The Church is rooted in the world and shares the joys and sorrows of every man: everything that concerns him interests her. In temporal matters, the primary responsibility lies with the laity, who must animate earthly realities in a Christian way. For this reason, they must not be “clericalized.” Their conscience, however, must be formed and informed. If this is true for every layperson, it is even more true for the politician who must evaluate and decide according to his conscience, knowing that his choices cannot contradict the values that spring from faith and that inspire a Christianly inspired anthropological vision. A politician should not engage in active politics without specific expertise and a proven moral honesty; but also without a general culture that allows him to have a broad vision of things, a synthesis of that humanistic thought now neglected. In this perspective, the Church has a long experience of cultural and moral formation, which even goes beyond confessionalism. Many basic themes are the heritage of both faith and reason.
We are faced with the new cultural thrusts, which even lead to denying the contribution that the Church has given to Western society (the so-called cancel culture) and which, within the Church, come to question pieces of doctrine (think of the debate on Humanae Vitae), what can be the position of a bishop, a priest, a faithful Catholic?
The “cancel culture” is simply inhuman since it denies not only the religious history of a people but also the civil one. Human beings all indeed belong to humans, but it is also true that they live in different cultural and social contexts in time and space. The Son of God also became incarnate in culture and history, and he respected customs and doctrines but, at the same time, went further when it came to the truth of God and man. This is why invoking doctrinal changes in the name of different cultures clashes with the acting and speaking of Christ. And when you touch what belongs to the universal being of man, you touch man himself in his depths.
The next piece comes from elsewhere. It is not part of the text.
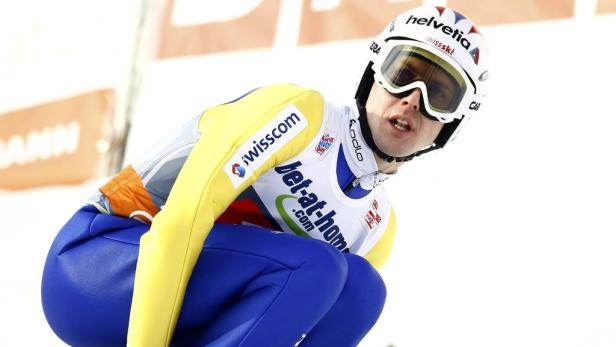 Ein Skispringer in gelb-blauer Kleidung und Helm mit Sponsorenlogos in der Hocke.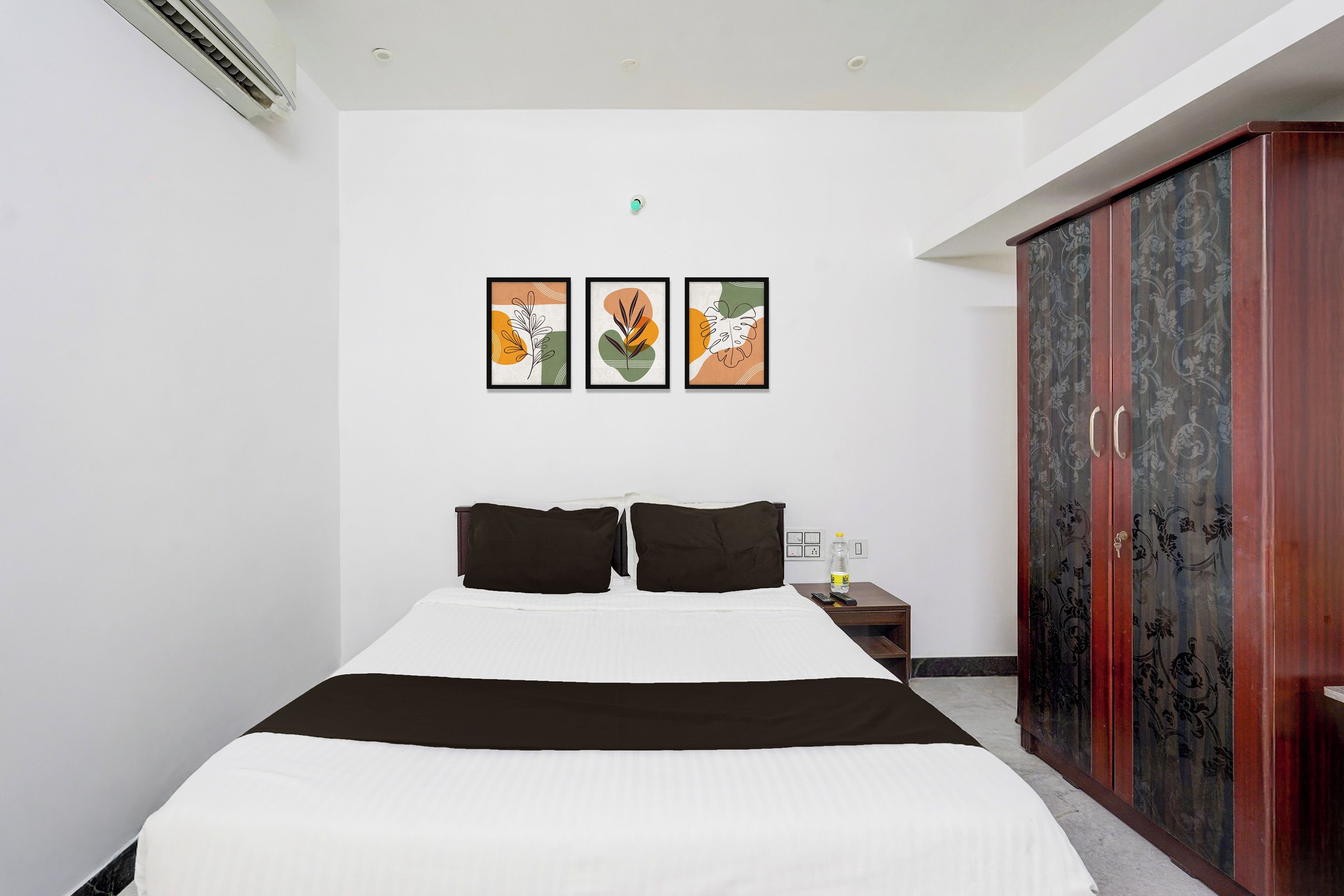A hotel room with a bed, a wardrobe, and two wall-mounted artworks.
Moreover, Western civilization seems to have a will to power that is disconcerting: this should worry everyone, Christians and non-Christians, as it seems we want to standardize humanity in a unique culture and language; even a single and universal religion is hoped for, implying that everything is equivalent. As for the right of Catholics to participate in public debate and the democratic formulation of laws, even thinkers like Rwol, Habermas, and others have declared this. But, naturally, on one condition: that an “institutional” language is used, that is, that rational arguments are brought forward and not revealed authority.
Finally, the position of the believer, as a Priest and a Bishop, is above all that of fidelity to the deposit of faith, knowing that the “doctrine” does not mortify the proclamation of Jesus. Still, it is the expansion that makes explicit and makes existential faith. Furthermore, it is also a question of using the two ways of truth: faith and reason. Perhaps, on this front, we need to work harder and better. Since not everything that is revealed belongs only to faith but is also part of the universal experience, we should learn not to entrench ourselves behind faith, but also to walk the path of rationality, looking for arguments to motivate Catholic positions, especially in some sensitive issues.